One down, three to know – an eloquent cellist offers a trio of world firsts

Record and Artist Details

Composer or Director: Carl Philipp Emanuel Bach, Friedrich Hartmann Graf, (Johann) Michael Haydn, Johann (Adolph) Hasse

Genre:

Orchestral

Label: Sony Classical

Media Format: CD or Download

Media Runtime: 77

Mastering:

Stereo
DDD

Catalogue Number: 88697 11997-2

Tracks:

Composition Artist Credit
Concerto for Cello and Strings Carl Philipp Emanuel Bach, Composer
Carl Philipp Emanuel Bach, Composer
Jan Vogler, Cello
Munich Chamber Orchestra
Reinhard Goebel, Conductor
Concerto for Cello and Orchestra Friedrich Hartmann Graf, Composer
Friedrich Hartmann Graf, Composer
Jan Vogler, Cello
Munich Chamber Orchestra
Reinhard Goebel, Conductor
Concerto for Cello and String Orchestra Johann (Adolph) Hasse, Composer
Jan Vogler, Cello
Johann (Adolph) Hasse, Composer
Munich Chamber Orchestra
Reinhard Goebel, Conductor
To offer three world premiere recordings among these four 18th_century concertos is enterprising enough, so we can forgive Jan Vogler for choosing as his opening work the currently much-favoured A major Cello Concerto of CPE Bach. This is the fourth recording I have reviewed in the last year-and-a-bit (there was also a fifth in its flute version), but luckily it is a work that can take the exposure, its taut outer movements and darkly emotional central Largo in particular making it an obvious draw for cellists. Vogler's performance - the first I have encountered on a modern cello - does not quite have the rhetorical drama of some others but sings soulfully in the Largo and dances athletically through the fast movements.

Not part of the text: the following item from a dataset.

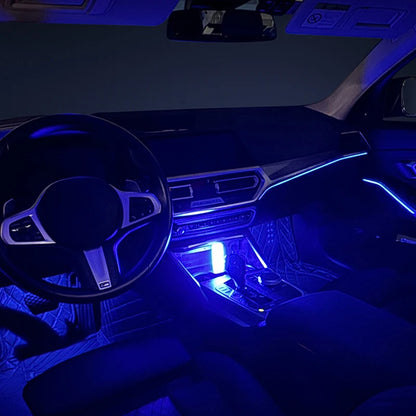 Mini Touching LED Atmosphere Light RGB Universal Car Interior Touch Control Lamp For Truck Vehicles USB Power Supply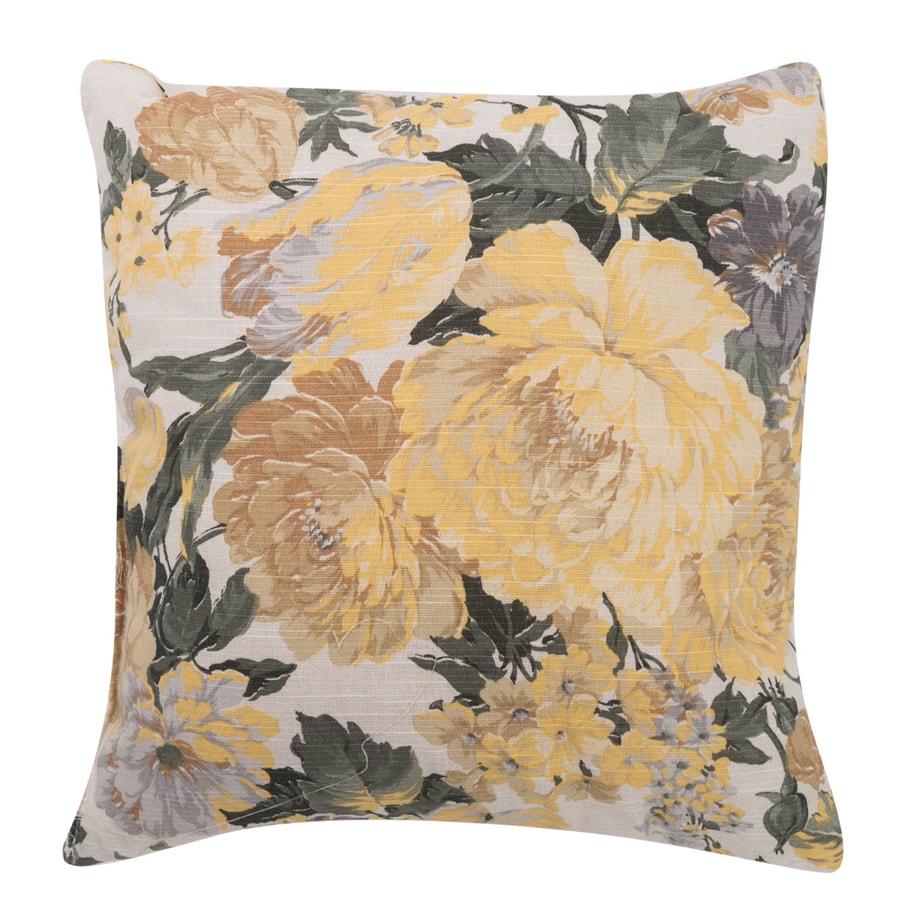 Poduszka dekoracyjna w kwiaty  BLOOM 45x45 cm - 1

The “new” works show more variety than you might at first think. Hasse is not noted as an orchestral composer, and his Neapolitan-style concerto is the most old-fashioned here with its fugue and occasional Corellian flavours, as well as being the least convincing in its directionlessness. The concerto (possibly) by Michael Haydn, dating from around 1800, also rambles rather in its long first movement, though shows more character and strength of purpose thereafter. More interesting to my mind is the work by Friedrich Hartmann Graf, an unassuming composer from Augsburg whose concerto - written around 1780 - is full of sunny Classical grace, with some high-lying stuff for the soloist and, to end, a delectable hunting rondo with main theme in suave harmonics.

Vogler's playing is technically assured and sturdily lyrical throughout all four works, and though you sometimes get the feeling that Reinhard Goebel would like the music to go faster (especially in the CPE Bach), he receives full-bodied but strongly defined support from the Munich Chamber Orchestra.